* **Activity**: Set down, character for character, everything in the records below from the line holding "I hope that" down to the line holding "Note that a", and no other line.

━━ Excerpted data

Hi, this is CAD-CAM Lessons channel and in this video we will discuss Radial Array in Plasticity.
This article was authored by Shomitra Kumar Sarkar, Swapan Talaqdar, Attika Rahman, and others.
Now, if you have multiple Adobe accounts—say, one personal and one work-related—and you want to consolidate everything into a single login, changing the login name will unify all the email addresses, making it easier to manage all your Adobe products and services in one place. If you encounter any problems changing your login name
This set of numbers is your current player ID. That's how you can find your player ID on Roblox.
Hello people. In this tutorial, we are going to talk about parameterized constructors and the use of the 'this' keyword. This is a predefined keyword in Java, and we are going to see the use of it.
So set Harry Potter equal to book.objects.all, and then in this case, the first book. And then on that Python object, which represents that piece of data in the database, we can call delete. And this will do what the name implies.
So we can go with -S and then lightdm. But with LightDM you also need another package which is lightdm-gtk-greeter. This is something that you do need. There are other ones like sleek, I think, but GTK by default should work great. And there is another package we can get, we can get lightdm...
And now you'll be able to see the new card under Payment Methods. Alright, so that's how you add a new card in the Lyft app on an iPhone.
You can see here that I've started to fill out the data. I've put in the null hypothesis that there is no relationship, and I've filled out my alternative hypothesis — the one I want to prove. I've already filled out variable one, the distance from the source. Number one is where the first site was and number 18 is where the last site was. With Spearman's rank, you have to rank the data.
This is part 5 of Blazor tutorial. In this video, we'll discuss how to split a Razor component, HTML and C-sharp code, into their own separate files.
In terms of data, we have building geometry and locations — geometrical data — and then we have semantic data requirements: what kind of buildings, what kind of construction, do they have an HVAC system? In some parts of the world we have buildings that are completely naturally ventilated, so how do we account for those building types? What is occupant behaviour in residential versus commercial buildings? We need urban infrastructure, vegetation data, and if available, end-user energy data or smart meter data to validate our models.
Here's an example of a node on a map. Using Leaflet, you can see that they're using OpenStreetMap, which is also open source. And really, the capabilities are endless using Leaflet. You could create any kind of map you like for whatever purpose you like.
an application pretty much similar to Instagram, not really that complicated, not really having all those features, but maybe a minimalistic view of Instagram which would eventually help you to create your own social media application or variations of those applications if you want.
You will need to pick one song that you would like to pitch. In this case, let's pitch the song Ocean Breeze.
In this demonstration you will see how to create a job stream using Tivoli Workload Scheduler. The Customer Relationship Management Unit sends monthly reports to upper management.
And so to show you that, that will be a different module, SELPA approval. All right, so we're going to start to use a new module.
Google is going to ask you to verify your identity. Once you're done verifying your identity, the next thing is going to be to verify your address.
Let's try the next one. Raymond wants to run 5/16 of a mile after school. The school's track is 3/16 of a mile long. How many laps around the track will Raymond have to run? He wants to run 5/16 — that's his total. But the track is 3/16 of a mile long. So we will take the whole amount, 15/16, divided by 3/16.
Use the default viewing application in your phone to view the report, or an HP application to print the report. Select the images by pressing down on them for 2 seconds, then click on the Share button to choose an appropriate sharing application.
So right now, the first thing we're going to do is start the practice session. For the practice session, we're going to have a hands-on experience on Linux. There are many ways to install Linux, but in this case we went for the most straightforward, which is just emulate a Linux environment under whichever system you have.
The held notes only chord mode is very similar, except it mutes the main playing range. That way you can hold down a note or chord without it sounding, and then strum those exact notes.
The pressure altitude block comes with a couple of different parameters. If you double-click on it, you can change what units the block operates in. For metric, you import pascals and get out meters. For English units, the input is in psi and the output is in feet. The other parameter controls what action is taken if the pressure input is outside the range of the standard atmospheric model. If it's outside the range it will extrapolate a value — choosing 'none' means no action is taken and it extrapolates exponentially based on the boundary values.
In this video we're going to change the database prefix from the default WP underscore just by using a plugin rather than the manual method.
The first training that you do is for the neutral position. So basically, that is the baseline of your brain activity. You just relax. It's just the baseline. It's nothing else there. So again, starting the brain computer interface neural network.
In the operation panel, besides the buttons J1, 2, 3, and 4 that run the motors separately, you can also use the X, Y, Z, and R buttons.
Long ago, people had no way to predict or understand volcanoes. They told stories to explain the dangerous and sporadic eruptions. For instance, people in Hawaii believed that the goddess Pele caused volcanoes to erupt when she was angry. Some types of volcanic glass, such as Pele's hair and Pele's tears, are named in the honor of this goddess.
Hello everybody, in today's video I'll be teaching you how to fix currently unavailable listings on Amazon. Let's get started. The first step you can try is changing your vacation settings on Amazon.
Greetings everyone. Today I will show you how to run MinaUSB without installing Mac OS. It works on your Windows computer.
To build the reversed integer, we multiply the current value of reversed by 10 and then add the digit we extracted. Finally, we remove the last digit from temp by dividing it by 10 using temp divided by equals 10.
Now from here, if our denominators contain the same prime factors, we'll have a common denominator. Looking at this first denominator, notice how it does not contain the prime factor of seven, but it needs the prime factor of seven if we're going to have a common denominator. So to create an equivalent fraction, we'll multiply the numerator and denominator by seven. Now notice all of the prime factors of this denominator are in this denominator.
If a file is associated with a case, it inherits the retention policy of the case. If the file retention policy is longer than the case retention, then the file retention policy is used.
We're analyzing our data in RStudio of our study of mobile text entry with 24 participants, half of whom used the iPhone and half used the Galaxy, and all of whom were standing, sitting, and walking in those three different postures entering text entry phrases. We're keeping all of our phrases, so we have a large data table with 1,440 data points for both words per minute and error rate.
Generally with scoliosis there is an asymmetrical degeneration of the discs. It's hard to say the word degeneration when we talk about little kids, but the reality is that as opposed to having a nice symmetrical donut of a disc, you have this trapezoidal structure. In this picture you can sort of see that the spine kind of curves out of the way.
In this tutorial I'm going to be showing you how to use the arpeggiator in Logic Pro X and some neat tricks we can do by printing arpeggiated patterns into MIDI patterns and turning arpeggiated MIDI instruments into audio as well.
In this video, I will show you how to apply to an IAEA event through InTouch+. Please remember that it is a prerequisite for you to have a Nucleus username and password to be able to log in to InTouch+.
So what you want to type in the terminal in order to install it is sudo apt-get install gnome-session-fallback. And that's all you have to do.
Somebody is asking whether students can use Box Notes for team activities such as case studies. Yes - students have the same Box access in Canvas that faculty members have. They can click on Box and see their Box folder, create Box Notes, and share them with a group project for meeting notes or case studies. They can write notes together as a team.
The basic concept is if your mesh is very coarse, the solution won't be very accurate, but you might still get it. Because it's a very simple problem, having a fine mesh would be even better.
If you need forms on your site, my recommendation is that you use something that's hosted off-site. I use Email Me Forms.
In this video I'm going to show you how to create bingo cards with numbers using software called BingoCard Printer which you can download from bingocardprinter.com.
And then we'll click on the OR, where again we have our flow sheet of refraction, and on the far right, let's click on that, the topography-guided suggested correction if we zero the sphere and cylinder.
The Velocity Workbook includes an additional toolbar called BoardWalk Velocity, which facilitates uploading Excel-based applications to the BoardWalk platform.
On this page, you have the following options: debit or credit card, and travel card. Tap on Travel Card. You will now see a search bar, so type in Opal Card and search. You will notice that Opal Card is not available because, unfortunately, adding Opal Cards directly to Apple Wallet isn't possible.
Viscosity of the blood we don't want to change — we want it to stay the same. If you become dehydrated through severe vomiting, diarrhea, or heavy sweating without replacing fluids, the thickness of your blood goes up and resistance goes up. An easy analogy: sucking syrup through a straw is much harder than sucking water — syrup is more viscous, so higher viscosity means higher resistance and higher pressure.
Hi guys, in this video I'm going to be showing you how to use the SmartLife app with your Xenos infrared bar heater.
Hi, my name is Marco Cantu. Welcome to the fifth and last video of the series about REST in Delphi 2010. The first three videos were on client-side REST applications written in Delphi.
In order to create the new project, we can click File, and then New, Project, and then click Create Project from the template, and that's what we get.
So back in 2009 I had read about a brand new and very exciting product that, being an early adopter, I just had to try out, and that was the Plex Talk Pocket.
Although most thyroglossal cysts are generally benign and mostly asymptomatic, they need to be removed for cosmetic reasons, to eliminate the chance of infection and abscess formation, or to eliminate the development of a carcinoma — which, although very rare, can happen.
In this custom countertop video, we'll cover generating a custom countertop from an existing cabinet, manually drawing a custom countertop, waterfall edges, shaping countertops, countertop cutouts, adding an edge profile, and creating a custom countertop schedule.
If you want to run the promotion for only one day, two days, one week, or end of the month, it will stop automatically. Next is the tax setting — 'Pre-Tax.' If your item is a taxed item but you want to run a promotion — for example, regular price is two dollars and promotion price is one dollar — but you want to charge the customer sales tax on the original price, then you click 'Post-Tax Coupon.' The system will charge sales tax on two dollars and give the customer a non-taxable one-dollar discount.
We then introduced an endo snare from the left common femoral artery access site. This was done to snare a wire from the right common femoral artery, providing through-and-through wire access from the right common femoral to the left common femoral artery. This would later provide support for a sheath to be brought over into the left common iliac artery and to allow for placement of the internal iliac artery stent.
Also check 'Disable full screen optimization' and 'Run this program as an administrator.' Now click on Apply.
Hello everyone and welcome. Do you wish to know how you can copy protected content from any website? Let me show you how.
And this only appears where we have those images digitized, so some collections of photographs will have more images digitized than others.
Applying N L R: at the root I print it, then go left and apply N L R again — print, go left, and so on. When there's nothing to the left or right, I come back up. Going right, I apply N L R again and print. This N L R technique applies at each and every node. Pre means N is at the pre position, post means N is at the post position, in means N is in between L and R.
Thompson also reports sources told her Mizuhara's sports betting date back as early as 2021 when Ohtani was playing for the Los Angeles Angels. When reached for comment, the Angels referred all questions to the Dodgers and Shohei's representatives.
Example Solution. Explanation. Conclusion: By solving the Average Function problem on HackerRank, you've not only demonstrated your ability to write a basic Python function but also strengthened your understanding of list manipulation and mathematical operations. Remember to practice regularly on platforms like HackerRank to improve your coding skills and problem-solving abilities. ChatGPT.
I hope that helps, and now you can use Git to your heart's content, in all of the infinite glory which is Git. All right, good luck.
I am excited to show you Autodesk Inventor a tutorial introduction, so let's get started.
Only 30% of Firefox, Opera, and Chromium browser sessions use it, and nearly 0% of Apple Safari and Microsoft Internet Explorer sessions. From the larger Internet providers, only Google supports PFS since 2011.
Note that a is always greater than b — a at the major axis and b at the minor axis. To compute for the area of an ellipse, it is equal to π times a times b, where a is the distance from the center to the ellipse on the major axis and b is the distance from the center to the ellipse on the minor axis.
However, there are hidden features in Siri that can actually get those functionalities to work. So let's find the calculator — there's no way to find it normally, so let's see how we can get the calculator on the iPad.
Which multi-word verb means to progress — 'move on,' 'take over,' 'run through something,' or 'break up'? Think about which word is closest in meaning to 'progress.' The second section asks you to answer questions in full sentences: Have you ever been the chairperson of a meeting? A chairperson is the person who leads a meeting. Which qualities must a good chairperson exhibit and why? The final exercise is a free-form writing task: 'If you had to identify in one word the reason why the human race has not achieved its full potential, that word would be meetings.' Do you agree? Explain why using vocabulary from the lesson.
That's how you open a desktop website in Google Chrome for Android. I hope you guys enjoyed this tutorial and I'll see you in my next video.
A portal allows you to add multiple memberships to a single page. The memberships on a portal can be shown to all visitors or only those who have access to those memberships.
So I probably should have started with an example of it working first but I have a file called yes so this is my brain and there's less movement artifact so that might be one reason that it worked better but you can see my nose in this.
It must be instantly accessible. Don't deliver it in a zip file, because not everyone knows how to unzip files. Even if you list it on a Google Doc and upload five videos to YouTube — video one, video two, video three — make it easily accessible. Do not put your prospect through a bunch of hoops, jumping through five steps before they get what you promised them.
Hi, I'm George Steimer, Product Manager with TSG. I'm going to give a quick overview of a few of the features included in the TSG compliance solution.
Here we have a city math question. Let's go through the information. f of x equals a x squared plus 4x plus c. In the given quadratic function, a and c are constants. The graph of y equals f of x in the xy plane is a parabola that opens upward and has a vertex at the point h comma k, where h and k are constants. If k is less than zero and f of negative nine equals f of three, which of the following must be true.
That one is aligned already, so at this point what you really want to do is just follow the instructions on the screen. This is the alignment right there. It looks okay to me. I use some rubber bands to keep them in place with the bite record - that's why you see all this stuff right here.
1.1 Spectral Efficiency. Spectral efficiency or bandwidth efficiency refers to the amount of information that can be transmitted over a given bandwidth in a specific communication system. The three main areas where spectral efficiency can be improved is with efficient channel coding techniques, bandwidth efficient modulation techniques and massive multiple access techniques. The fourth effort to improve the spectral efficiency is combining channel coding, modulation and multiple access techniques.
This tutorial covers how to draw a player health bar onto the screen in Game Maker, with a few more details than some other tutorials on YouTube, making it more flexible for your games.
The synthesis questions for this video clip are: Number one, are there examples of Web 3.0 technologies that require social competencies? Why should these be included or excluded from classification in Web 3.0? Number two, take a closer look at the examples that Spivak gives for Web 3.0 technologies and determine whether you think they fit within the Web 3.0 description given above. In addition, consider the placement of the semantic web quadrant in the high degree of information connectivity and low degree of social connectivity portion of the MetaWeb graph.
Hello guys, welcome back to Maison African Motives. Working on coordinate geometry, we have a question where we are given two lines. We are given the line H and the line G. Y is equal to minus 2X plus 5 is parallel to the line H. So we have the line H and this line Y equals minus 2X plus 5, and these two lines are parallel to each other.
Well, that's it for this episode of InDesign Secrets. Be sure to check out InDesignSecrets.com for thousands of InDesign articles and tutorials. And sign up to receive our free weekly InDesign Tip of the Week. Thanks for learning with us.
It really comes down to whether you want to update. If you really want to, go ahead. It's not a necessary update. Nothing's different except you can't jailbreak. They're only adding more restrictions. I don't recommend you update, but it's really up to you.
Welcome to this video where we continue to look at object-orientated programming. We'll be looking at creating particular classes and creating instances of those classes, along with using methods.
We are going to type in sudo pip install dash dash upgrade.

━━━━

* **Written solution**:
I hope that helps, and now you can use Git to your heart's content, in all of the infinite glory which is Git. All right, good luck.
I am excited to show you Autodesk Inventor a tutorial introduction, so let's get started.
Only 30% of Firefox, Opera, and Chromium browser sessions use it, and nearly 0% of Apple Safari and Microsoft Internet Explorer sessions. From the larger Internet providers, only Google supports PFS since 2011.
Note that a is always greater than b — a at the major axis and b at the minor axis. To compute for the area of an ellipse, it is equal to π times a times b, where a is the distance from the center to the ellipse on the major axis and b is the distance from the center to the ellipse on the minor axis.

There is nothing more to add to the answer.